Lakers star LeBron James certainly seems to think so. Ditto for his and Bradley’s teammate, Danny Green. But for Bradley, things clearly aren’t quite that simple.

As someone who has covered the team this year at nearly every practice and game they’ve played, Bradley is someone I quickly realized could always be counted on to give especially thoughtful consideration to questions about the team, and provide candid and honest answers in response. That quality shined through in Bradley’s first public statements since publicly becoming one of the leaders of this players movement, as he outlined what the group of players he and Irving are leading want to see before agreeing to resume the 2019-20 season to Adrian Wojnarowski and Malika Andrews of ESPN:

Bradley expressed support for NBA players wanting to use platforms in Orlando to speak on issues of systemic racism, but said his group believes those efforts would have greater impact with “our owners’ help.”

“Regardless of how much media coverage will be received, talking and raising awareness about social injustice isn’t enough,” Bradley told ESPN. “Are we that self-centered to believe no one in the world is aware of racism right now?
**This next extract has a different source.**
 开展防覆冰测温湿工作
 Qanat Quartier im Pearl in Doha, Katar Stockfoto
That as athletes, we solve the real issues by using our platforms to speak?

“We don’t need to say more. We need to find a way to achieve more. Protesting during an anthem, wearing T-shirts is great, but we need to see real actions being put in to the works.”

This is absolutely a great point on Bradley’s part, and highlights an important distinction. So often this issue has been framed as Bradley, Irving, Howard and the other players with questions as wanting to disrupt the season restart, and Bradley’s statement makes that seem like an overly simplistic interpretation.

Clearly, he and Irving aren’t necessarily trying to stop the season from happening. They have totally legitimate questions about if it’s the best idea in its current form, which is a different thing entirely.

Another argument against Bradley and his camp’s questions, made by Houston Rockets guard Austin Rivers, among others, has been that if players don’t play, they’ll lose out on money, money they could use to help the Black Lives Matter movement and other causes that are important to them.

Bradley has a counterpoint to that as well:

The burden of financial donations to black communities disproportionately falls onto players, Bradley said, and hoped that more owners would follow the charitable lead of Dallas’ Mark Cuban and Charlotte’s Michael Jordan in the aftermath of George Floyd’s death last month.

“I agree (the) Orlando (restart) will give the players checks to contribute back into their communities,” Bradley said. “But how much of that bubble check are players actually able to contribute? Why (is) all of the responsibility being put on the players?”

It’s another great question, and these are the type of public statements that can move the discourse forward from “having the season vs. cancelling the season” into the more nuanced territory it should really occupy, since the real debate seems to be: Is there a better way the NBA can do the season? If players get financial commitments from owners to help charity, won’t a slight hiccup in the negotiating have actually been worth it? Rather than arguing over sitting out vs. taking advantage of the platform, isn’t this just a way to improve the platform players are being given, to try something new when simply raising awareness clearly hasn’t made enough change before?

Irving is a polarizing figure in NBA circles, and his position at the forefront of this movement led to some initial jokes and skepticism from fans. But it’s clear from Bradley’s remarks that this group of players, however large it actually is, has totally legitimate questions about the NBA restart. I think they, and all of us, deserve some answers from the NBA, rather than hot takes and judgement from fans (and ridiculous, straw-man counterpoints from some members of the media) about why they’re wrong to oppose basketball. Especially when it seems clear that basketball isn’t actually what they oppose at all.